___ TASK MATERIAL

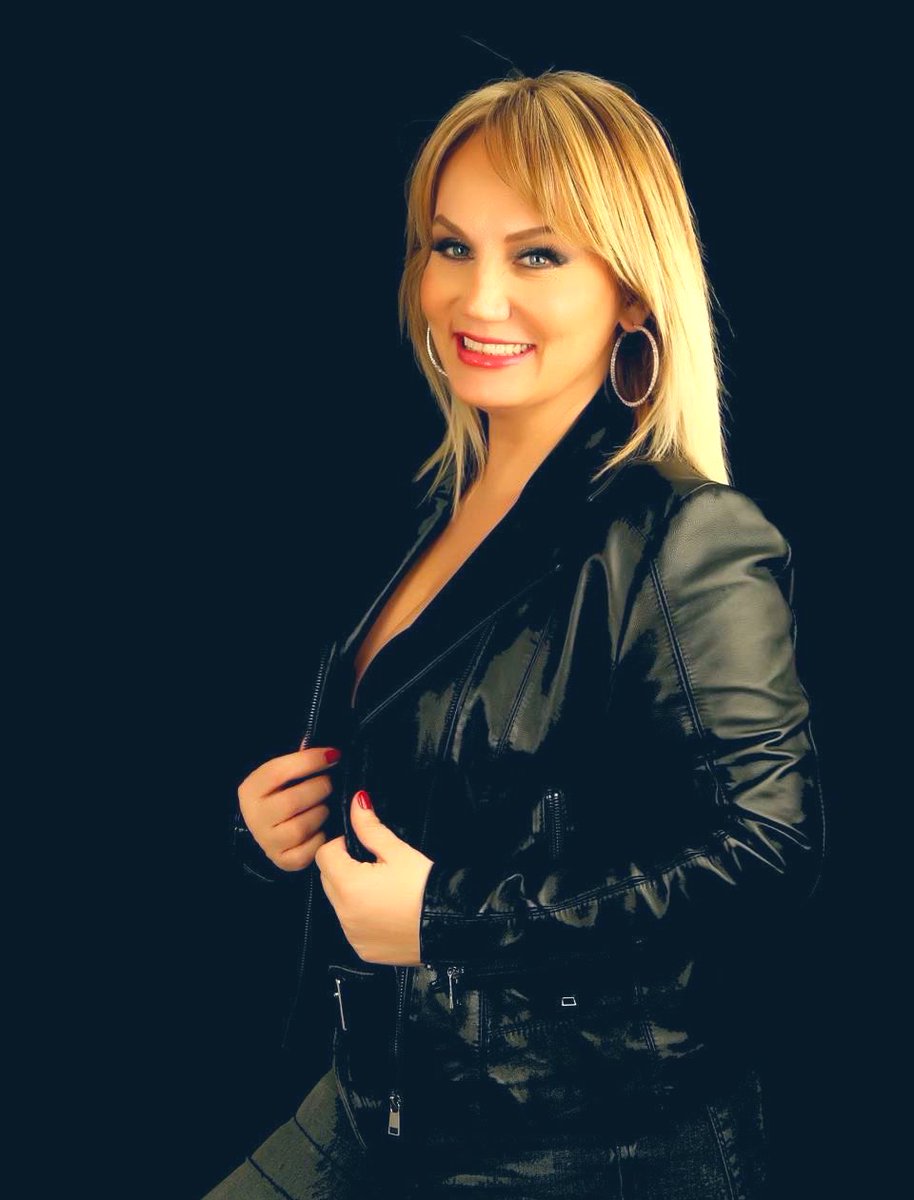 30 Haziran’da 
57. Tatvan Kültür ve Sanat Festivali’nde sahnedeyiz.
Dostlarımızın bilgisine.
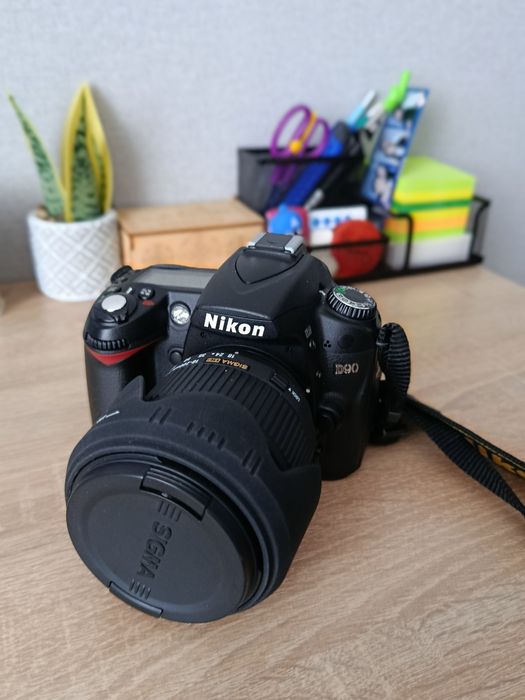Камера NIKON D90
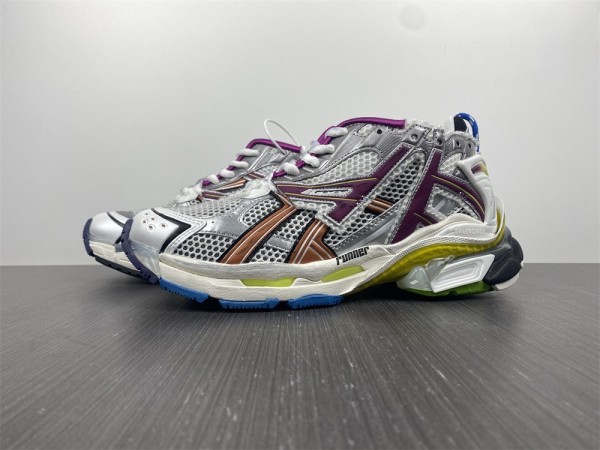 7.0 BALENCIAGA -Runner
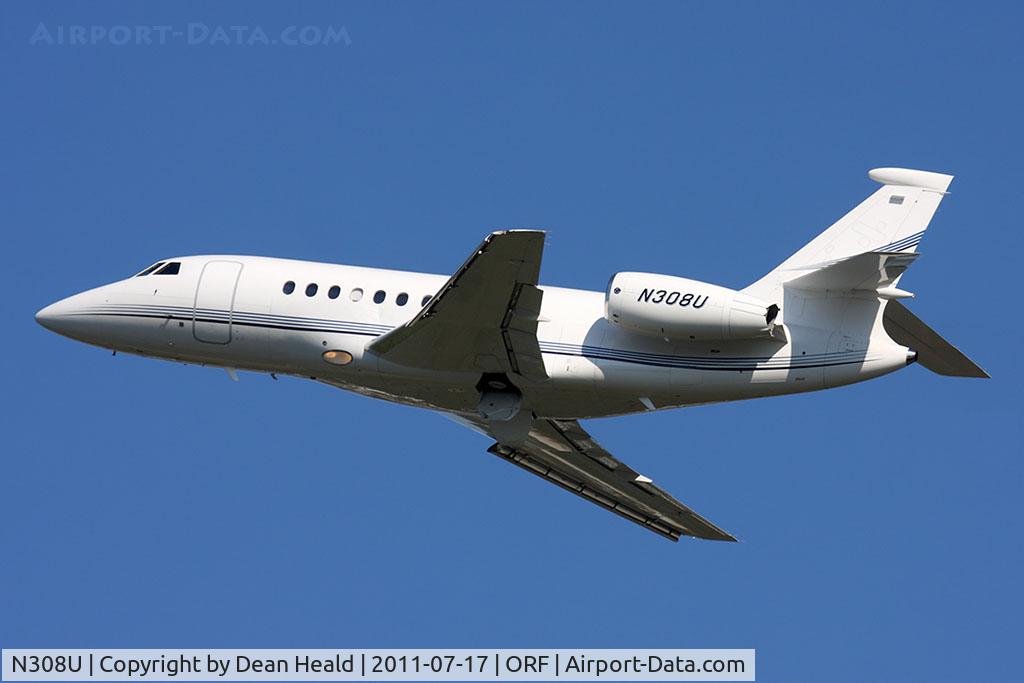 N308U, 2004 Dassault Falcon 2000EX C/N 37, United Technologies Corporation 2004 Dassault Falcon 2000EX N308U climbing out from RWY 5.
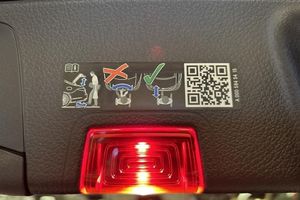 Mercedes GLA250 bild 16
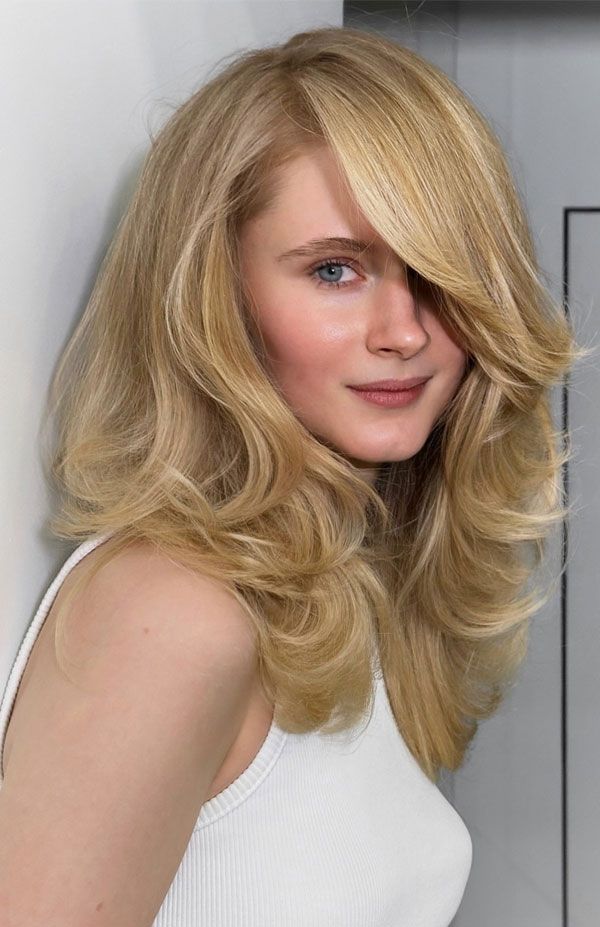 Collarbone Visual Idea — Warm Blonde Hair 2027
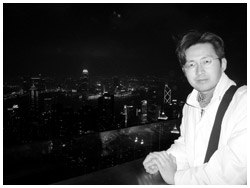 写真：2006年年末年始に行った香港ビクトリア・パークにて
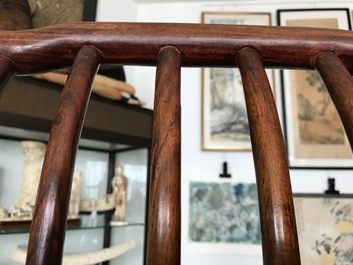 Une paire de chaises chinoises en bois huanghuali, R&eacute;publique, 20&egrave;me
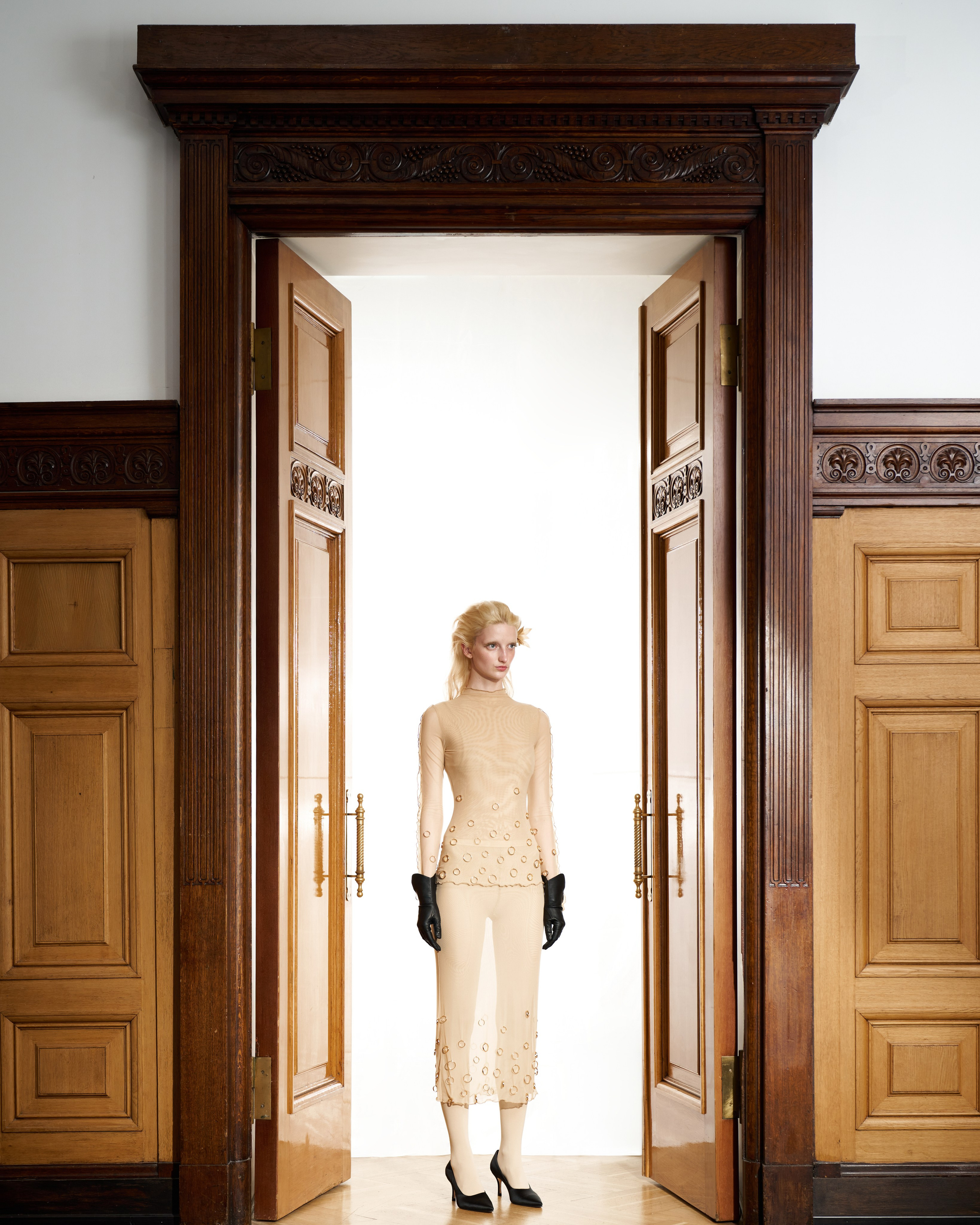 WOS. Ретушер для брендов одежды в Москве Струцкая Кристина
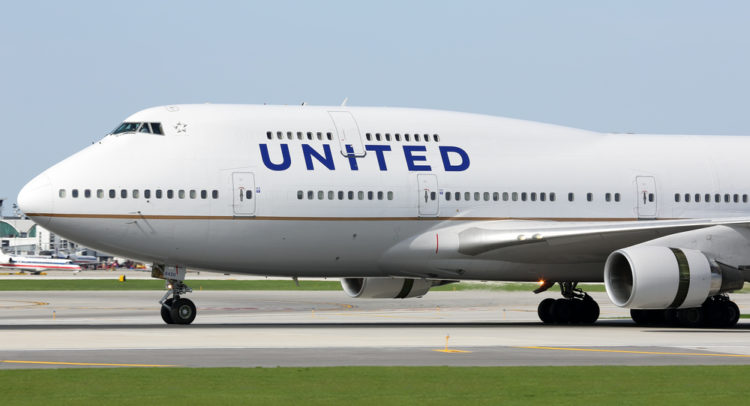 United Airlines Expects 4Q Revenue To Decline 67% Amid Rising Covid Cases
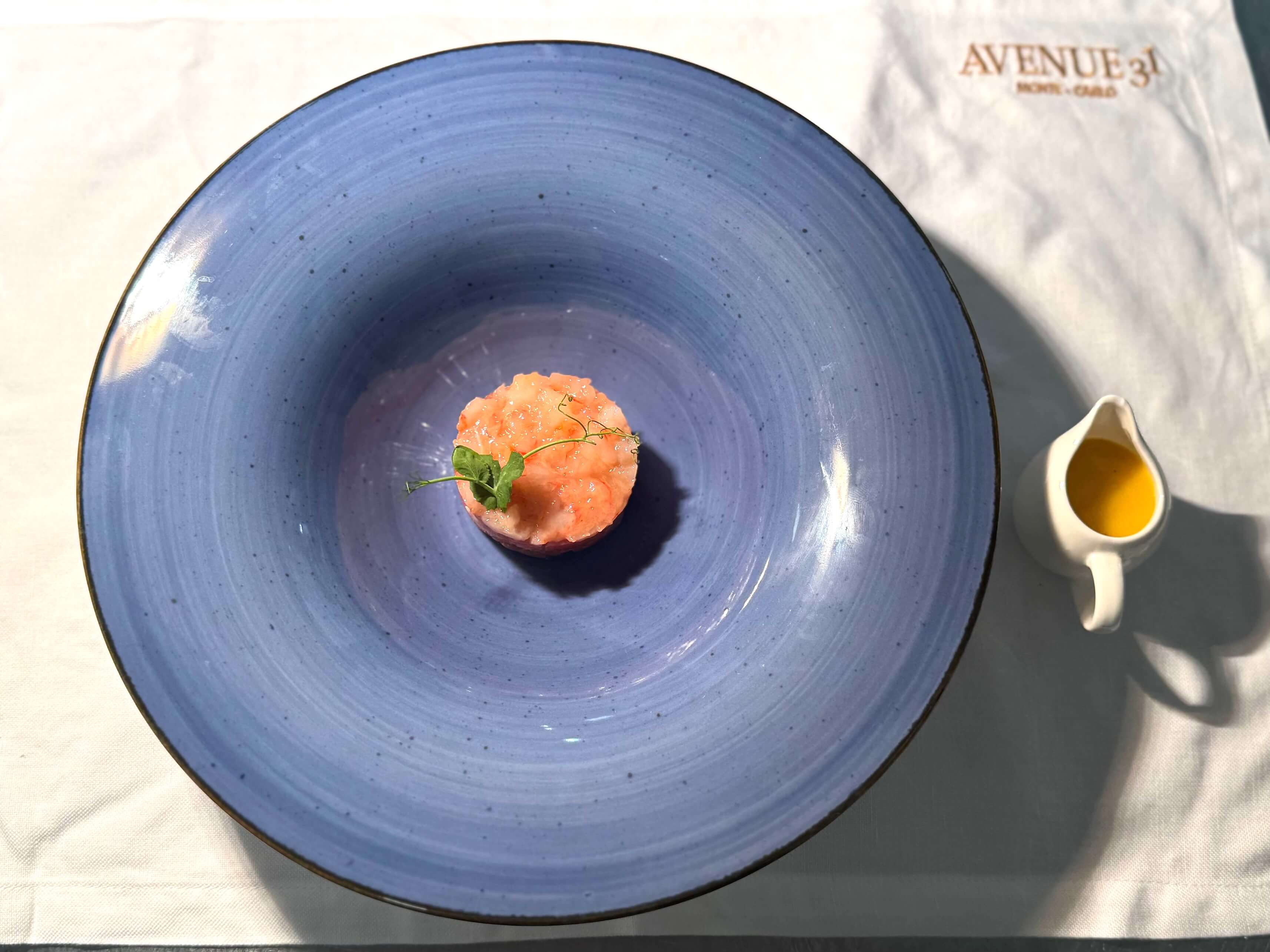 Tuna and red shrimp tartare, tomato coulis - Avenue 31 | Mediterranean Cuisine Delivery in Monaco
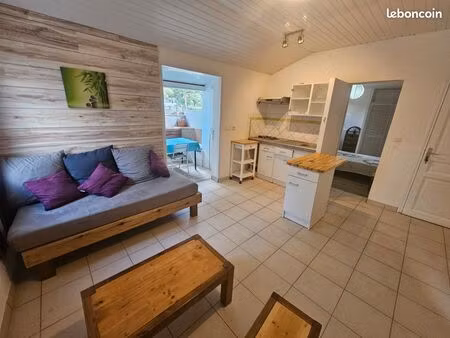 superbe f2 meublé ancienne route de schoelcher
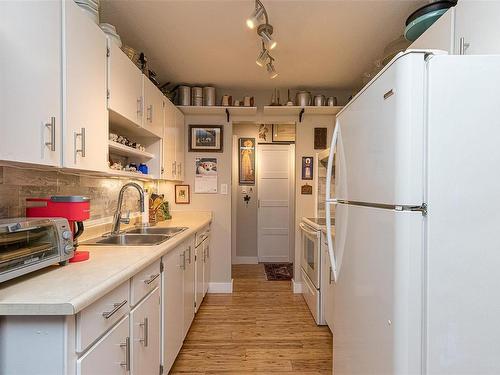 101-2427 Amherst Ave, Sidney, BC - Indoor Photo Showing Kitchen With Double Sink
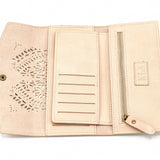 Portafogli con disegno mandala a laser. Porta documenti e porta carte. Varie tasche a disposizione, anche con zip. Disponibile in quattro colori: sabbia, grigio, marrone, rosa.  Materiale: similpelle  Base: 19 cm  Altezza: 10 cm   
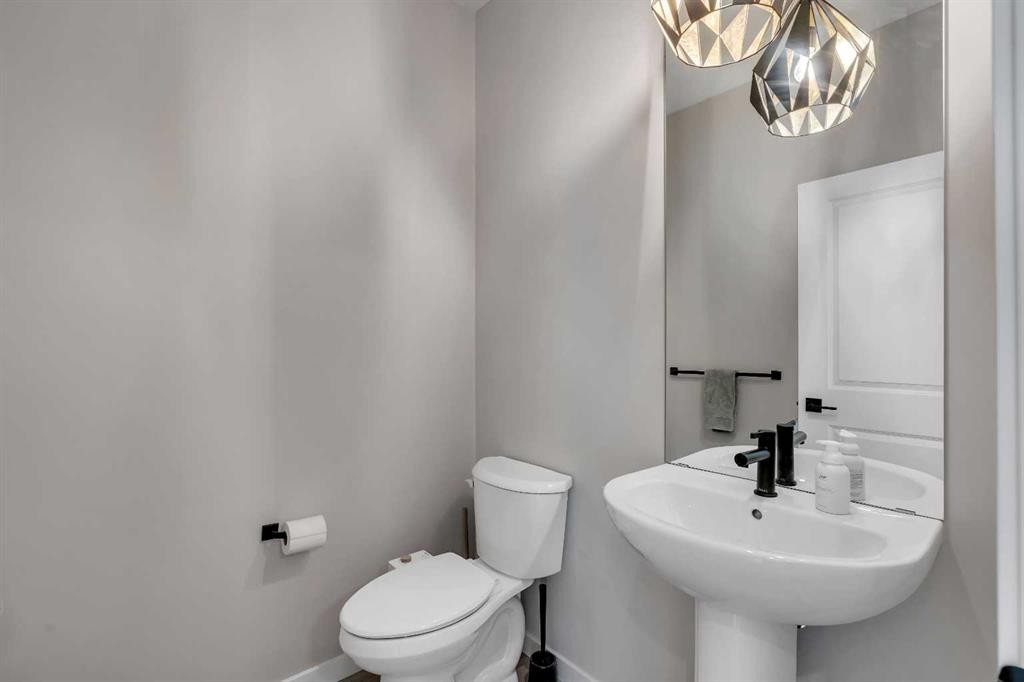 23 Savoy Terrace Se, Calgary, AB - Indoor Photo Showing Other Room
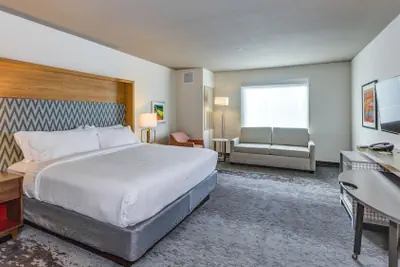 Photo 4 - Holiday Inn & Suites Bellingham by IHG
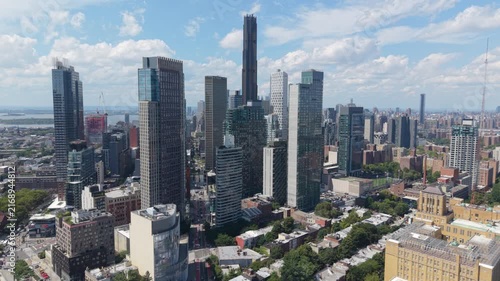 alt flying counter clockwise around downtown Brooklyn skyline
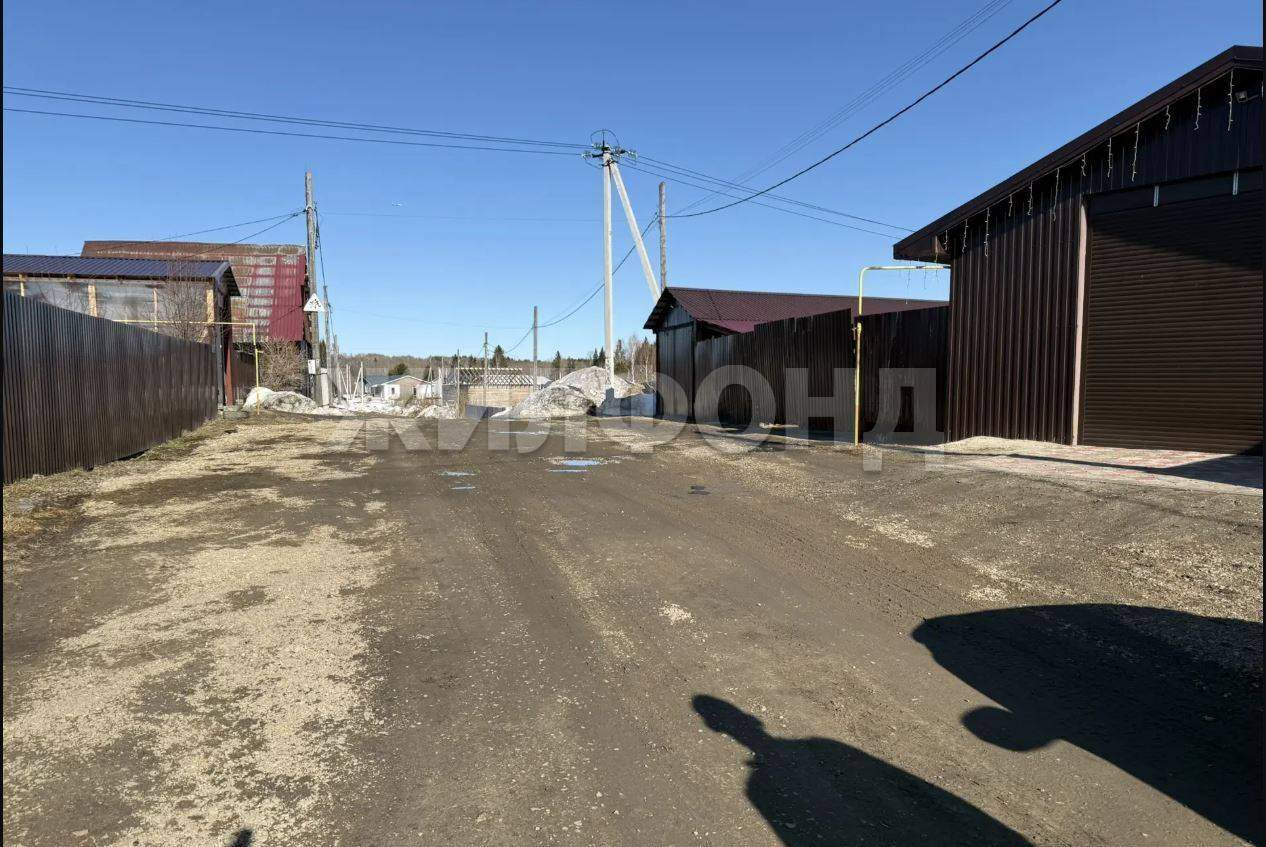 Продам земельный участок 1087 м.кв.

______

* BRIEF: Leaving the pictures out, give again word for word each line from the one holding "alt flying counter" through the end of the records.

* RESPONSE TO THE TASK:
 alt flying counter clockwise around downtown Brooklyn skyline
 Продам земельный участок 1087 м.кв.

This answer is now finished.